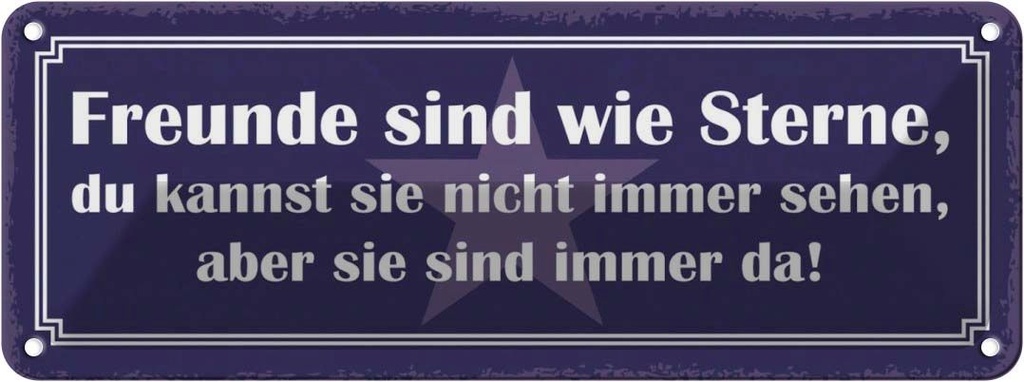 [LA-117781] Blechschild 10x27 cm Freunde wie Sterne nicht sehen Familie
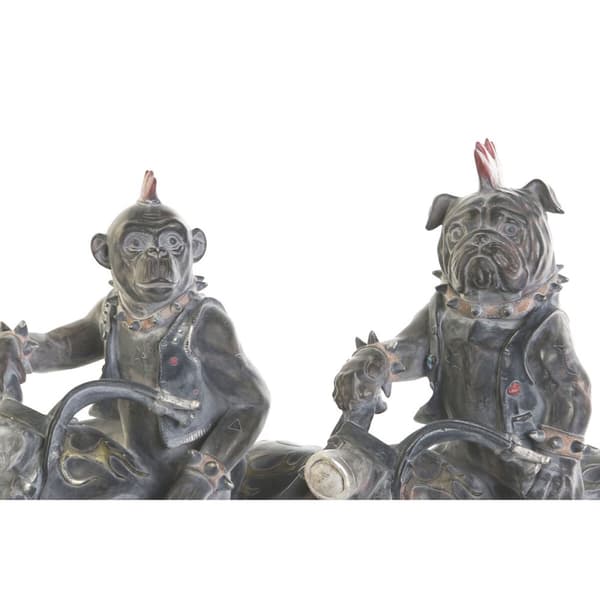 Dekorativ figur Home ESPRIT Mørkegrå Rocker 24 x 15 x 29 cm (2 enheder)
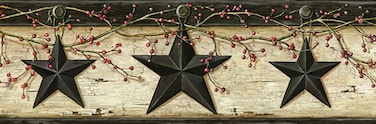 Chesapeake PUR44602B Ennis Sand Rustic Barn Star Wallpaper Border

◆ EXERCISE PROMPT
Output everything in the material exactly. Pictures stay out of it.

◆ FINISHED TASK
 [LA-117781] Blechschild 10x27 cm Freunde wie Sterne nicht sehen Familie
 Dekorativ figur Home ESPRIT Mørkegrå Rocker 24 x 15 x 29 cm (2 enheder)
 Chesapeake PUR44602B Ennis Sand Rustic Barn Star Wallpaper Border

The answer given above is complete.